Antitrust scrutiny of the tech industry could be the big issue that spurs bipartisan cooperation in Congress over the next two years.

While Democrats have long been suspicious of big business and always much quicker to cry “antitrust,” Republicans are now asking questions about the size of big tech companies and appear to be more open to antitrust action, claiming Silicon Valley harbors a left-leaning bias and censors conservatives.

Combine that with a Trump administration eager to stop big mergers on antitrust grounds and there’s a recipe for a bumpy two years filled with more hearings, more oversight and likely legislation.

“There’s been a lot of questions about whether the larger tech platforms are monopolies and have solidified dominance in the market place through mergers and acquisitions of smaller companies — like Facebook through its acquisitions of Instagram and WhatsApp — and the FTC at the time really didn’t think twice about those mergers, and I think since then there’s been some acknowledgment and renewed interest of large dominant firms acquiring smaller nascent but potentially future rival firms, and viewing that as anti-competitive in the future,” said Philip Berenboick, policy counsel at Public Knowledge.

Berenboick thinks Congress will likely hold more oversight seeings and summon agencies like the FTC and the FCC to the hill to testify.

“They can send a loud message to those agencies about what they want to see as far as policy and merger enforcement and what they want to see bared down on,” Berenboick told InsideSources.

Democrats may attack the FCC in particular, and not just over the net neutrality debate.

“The FCC did a lot of work last year around loosening up broadcast regulations, which a lot of people saw as a way to give a green light to the Sinclair-Tribune merger,” Berenboick said.

That merger fell apart, but Sinclair could still try to find another buyer, which Democrats are “really concerned about.”

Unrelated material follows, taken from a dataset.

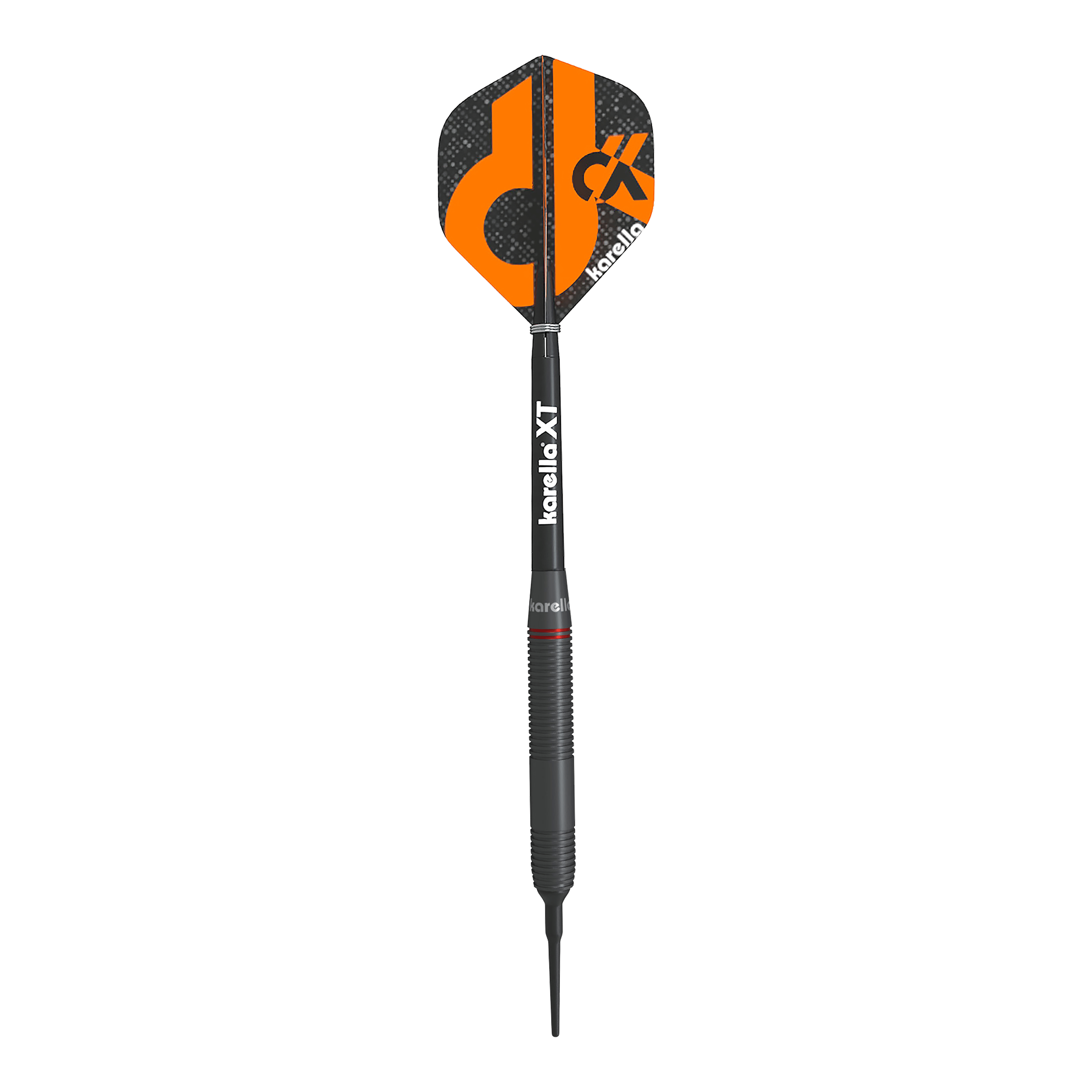 Karella Daniel Klose Softdarts Das Bild zeigt einen Softdart der Marke Karella, Modell Daniel Klose. Der Dartpfeil hat eine schwarze Spitze und ein schwarzes Flight mit orangefarbenem Design und dem Karella-Logo.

“They saw Sinclair as a Maryland-based company that didn’t have ties to communities and was going to come in and gut local news coverage, which is especially important in times of national emergencies and disasters,” Berenboick said. “Regardless of that deal I think you’ll see some oversight from House Energy and Commerce Committee Democrats at what the FCC did and why they did it and how it affects local news.”

As opposed to years past, a Democratic antitrust crusade may now have an ally in the GOP.

For the first time in years, Democrats’ and Republicans’ views on antitrust “don’t seem too different,” said Mark Jamison, director of the Public Utility Research Center at the University of Florida’s Warrington College of Business and a visiting scholar at the American Enterprise Institute (AEI).

“There’s some space for agreement for how the Democrats view business in general and how the Republicans view these particular businesses,” Jamison told InsideSources. “I think legislation is more likely than it was a year ago, or even two years ago. Republicans’ view that the tech industry plays favorites has grown, and there’s more agreement than there used to be.”

Because antitrust scrutiny and litigation is rooted in protecting consumers, Jamison thinks Democrats and Republicans will probably come up with legislation that focuses on protecting consumers served by the tech industry.

One easy way to do that is to draft a privacy law, which is already a top priority for House Democrats and Republicans.

“Customers feel violated when people know things about them and it’s very tempting for politicians to come to the rescue,” Jamison said. “As long as they focus on customer benefit, we should be ok. If they start moving down the path of, ‘We’re just worried about them because they’re big or there are other social ills we want to cure using antitrust litigation,’ then they start doing harm as opposed to good.”